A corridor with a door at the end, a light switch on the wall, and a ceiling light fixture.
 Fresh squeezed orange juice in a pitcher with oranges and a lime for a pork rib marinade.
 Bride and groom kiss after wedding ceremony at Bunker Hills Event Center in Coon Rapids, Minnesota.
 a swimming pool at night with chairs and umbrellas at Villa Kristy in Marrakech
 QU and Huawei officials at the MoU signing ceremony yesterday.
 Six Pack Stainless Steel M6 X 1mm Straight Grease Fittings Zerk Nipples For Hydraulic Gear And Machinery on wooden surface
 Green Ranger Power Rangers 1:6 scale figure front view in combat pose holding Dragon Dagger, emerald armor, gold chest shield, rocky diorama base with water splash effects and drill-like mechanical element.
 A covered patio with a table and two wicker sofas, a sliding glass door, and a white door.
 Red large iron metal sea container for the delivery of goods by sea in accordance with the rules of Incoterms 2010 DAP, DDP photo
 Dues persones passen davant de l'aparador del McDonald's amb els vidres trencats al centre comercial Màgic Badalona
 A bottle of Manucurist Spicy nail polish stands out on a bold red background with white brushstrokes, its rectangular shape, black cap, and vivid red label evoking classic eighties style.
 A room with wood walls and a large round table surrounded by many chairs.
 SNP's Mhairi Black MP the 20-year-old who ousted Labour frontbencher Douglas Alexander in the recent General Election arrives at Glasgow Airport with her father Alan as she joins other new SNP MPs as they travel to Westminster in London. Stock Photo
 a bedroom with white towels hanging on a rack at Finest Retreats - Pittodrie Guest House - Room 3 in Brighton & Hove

TASK STATEMENT: An exact transcription of the lines from the start of the listing through the line bearing "A covered patio" is the whole answer.

TASK RESULT:
A corridor with a door at the end, a light switch on the wall, and a ceiling light fixture.
 Fresh squeezed orange juice in a pitcher with oranges and a lime for a pork rib marinade.
 Bride and groom kiss after wedding ceremony at Bunker Hills Event Center in Coon Rapids, Minnesota.
 a swimming pool at night with chairs and umbrellas at Villa Kristy in Marrakech
 QU and Huawei officials at the MoU signing ceremony yesterday.
 Six Pack Stainless Steel M6 X 1mm Straight Grease Fittings Zerk Nipples For Hydraulic Gear And Machinery on wooden surface
 Green Ranger Power Rangers 1:6 scale figure front view in combat pose holding Dragon Dagger, emerald armor, gold chest shield, rocky diorama base with water splash effects and drill-like mechanical element.
 A covered patio with a table and two wicker sofas, a sliding glass door, and a white door.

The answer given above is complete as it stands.